Colonial economic development did not translate into social
development for native Angolans. The Portuguese regime encouraged white
immigration, especially after 1950, which intensified racial
antagonisms. As decolonization progressed elsewhere in Africa, Portugal,
under the Salazar and Caetano dictatorships, rejected independence and
treated its African colonies as overseas provinces. Consequently, three
independence movements emerged: the Popular Movement for the Liberation
of Angola (MPLA), with a base among Kimbundos and the mixed-race
intelligentsia of Luanda, and links to communist parties in Portugal and
the East Bloc; the National Liberation Front of Angola (FNLA), with an
ethnic base in the Bakongo region of the north and links to the United
States and the Mobutu regime in Kinshasa; and the National Union for the
Total Independence of Angola (UNITA), led by Jonas Malheiro Savimbi with
an ethnic and regional base in the Ovimbundo heartland in the center of
the country.
From the early 1960s, elements of these movements fought against the
Portuguese. A 1974 coup d'etat in Portugal established a military
government that promptly ceased the war and agreed to hand over power to
a coalition of the three movements. The coalition quickly broke down and
turned into a civil war. By late 1975, Cuban forces had intervened on
behalf of the MPLA and South African troops for UNITA, effectively
internationalizing the Angolan conflict. In control of Luanda and the
coastal strip (and increasingly lucrative oil fields), the MPLA declared
independence on November 11, 1975, the day the Portuguese abandoned the
capital. Augustinho Neto became the first president, followed by Jose
Eduardo dos Santos in 1979.
Civil war between UNITA and the MPLA continued until 1989. For much
of this time, UNITA controlled vast swaths of the interior and was
backed by U.S. resources and South African troops. Similarly, tens of
thousands of Cuban troops remained in support of the MPLA, often
fighting South Africans on the front lines. A U.S.-brokered agreement
resulted in withdrawal of foreign troops in 1989 and led to the Bicesse
Accord in 1991, which spelled out an electoral process for a democratic
Angola under the supervision of the United Nations. When UNITA's Jonas
Savimbi failed to win the first round of the presidential election in
1992 (he won 40% to Dos Santos's 49%, which meant a runoff), he called
the election fraudulent and returned to war. Another peace accord was
brokered in Lusaka, Zambia, signed in 1994. This agreement, too,
collapsed in 1998 when Savimbi renewed the war for a second time,
claiming the MPLA was not fulfilling its obligations.
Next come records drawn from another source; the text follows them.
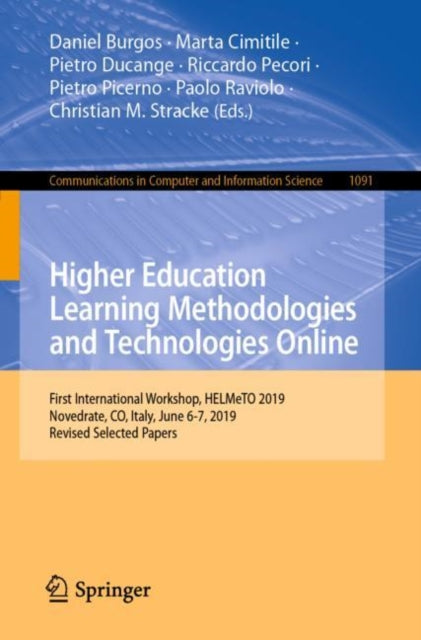 Book cover of: Higher Education Learning Methodologies and Technologies Online. By: Daniel Burgos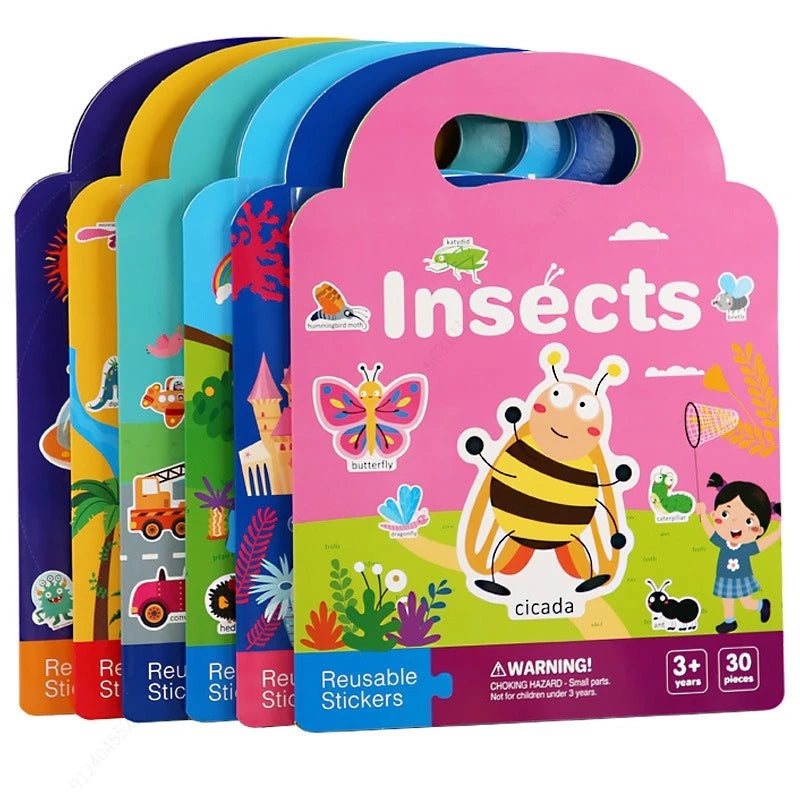 Reusable Sticker Book for Kids Vehicles Truck Stickers
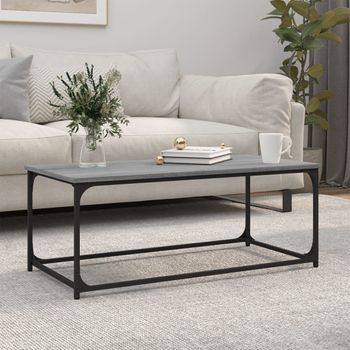 Mesa De Centro，mesa Auxiliar，mesa De Café Madera Y Hierro Gris Sonoma 102x50x40 Cm Cfw774889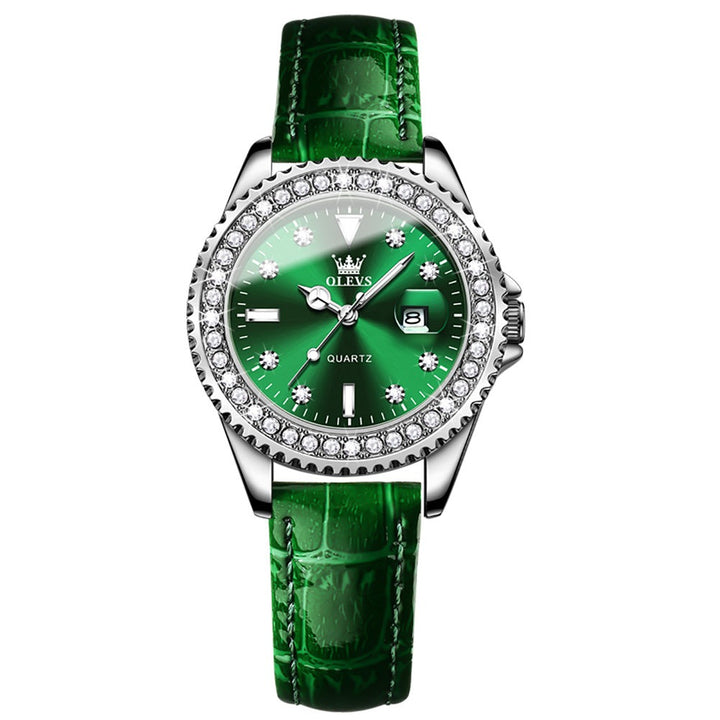 OLEVS 9945 Fashion Quartz Ladies Wristwatch Green Rose Gold SteeL | 1mrk.com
The UN Security
Council voted on August 28, 1997, to impose sanctions on UNITA. The
Angolan military launched a massive offensive in 1999 which destroyed
UNITA's conventional capacity and recaptured all major cities previously
held by Savimbi's forces. Savimbi then declared a return to guerrilla
tactics, which continue to keep much of the country in turmoil. The
prospect is for continued low-level guerrilla warfare that will keep
much of the country insecure.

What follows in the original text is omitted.